# House Prices: Advanced Regression Techniques (Kaggle)

## 05-adding-categorical-variables

Sources:
* Kaggle competition: https://www.kaggle.com/c/house-prices-advanced-regression-techniques
* Check missing values (Will Koehrsen): https://www.kaggle.com/willkoehrsen/start-here-a-gentle-introduction by Will Koehrsen
* Neural net implementation (Yashu Seth): https://yashuseth.blog/2018/07/22/pytorch-neural-network-for-tabular-data-with-categorical-embeddings/ 
* Sklearn pipelines: https://medium.com/dunder-data/from-pandas-to-scikit-learn-a-new-exciting-workflow-e88e2271ef62
* Pipelines with dataframes (John Ramey): https://ramhiser.com/post/2018-04-16-building-scikit-learn-pipeline-with-pandas-dataframe/

## Problem description

**Previous**:

**kaggle-houseprice-01-linear-model-and-continuous-imputation.ipynb**
We try to predict house prices based on a number of continuous and categorical variables.
In the first step, the prediction will be made using only a small selection of continuous variables:

* LotFrontage: Linear feet of street connected to property
* LotArea: Lot size in square feet
* 1stFlrSF: First Floor square feet
* 2ndFlrSF: Second floor square feet
* TotalBsmtSF: Total square feet of basement area
* SalePrice: target variable

We will use a very simple network: a linear network with a single non-linearity.

**kaggle-houseprice-02-data-scaling.ipynb**

In order to make it a little easier for gradient descent to converge to a minimum, we will scale the input data to have 0 mean and a standard deviation of 1. For a discussion on why it is useful to scale input data, see https://stats.stackexchange.com/questions/249378/is-scaling-data-0-1-necessary-when-batch-normalization-is-used.
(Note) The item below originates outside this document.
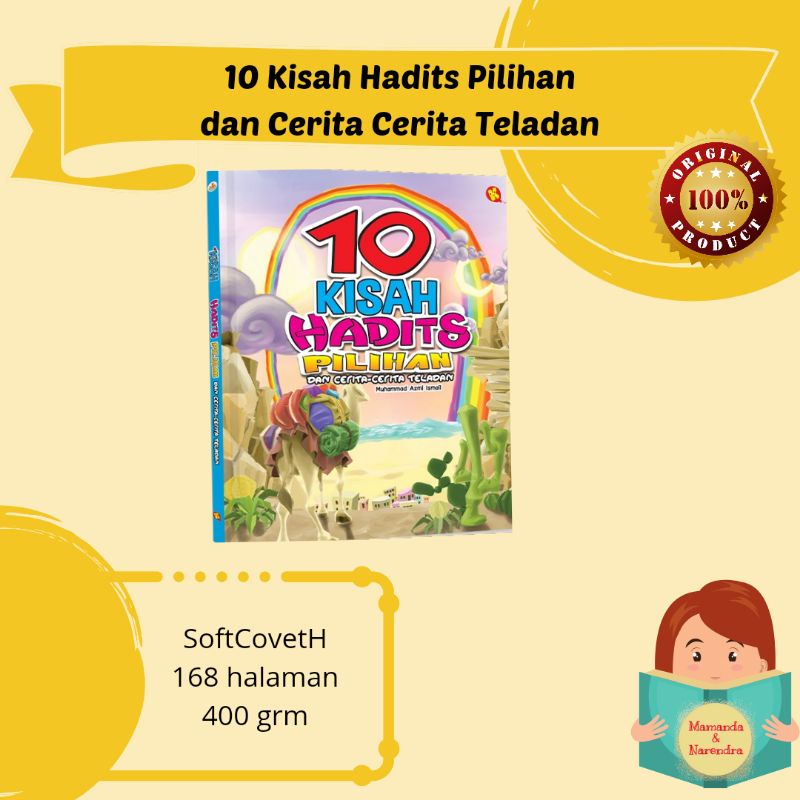 10 Kisah Hadits Pilihan dan Cerita Cerita Teladan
We will not scale the target data, following this discussion: https://stats.stackexchange.com/questions/111467/is-it-necessary-to-scale-the-target-value-in-addition-to-scaling-features-for-re.

**kaggle-houseprice-03-one-hot-for-missing-continuous.ipynb**

Instead of just replacing missing values in our dataset with the mean or the median of the respective column, we will now create a *one-hot encoded vector* to mark the previously *missing data* and add it to the data set. For the same reason that we used the *sklearn.preprocessing StandardScaler* we will now make use of the *sklearn.impute Imputer* to replace missing values. Also, to make this part of data processing a little easier to reuse, we will refactor the code into a function. 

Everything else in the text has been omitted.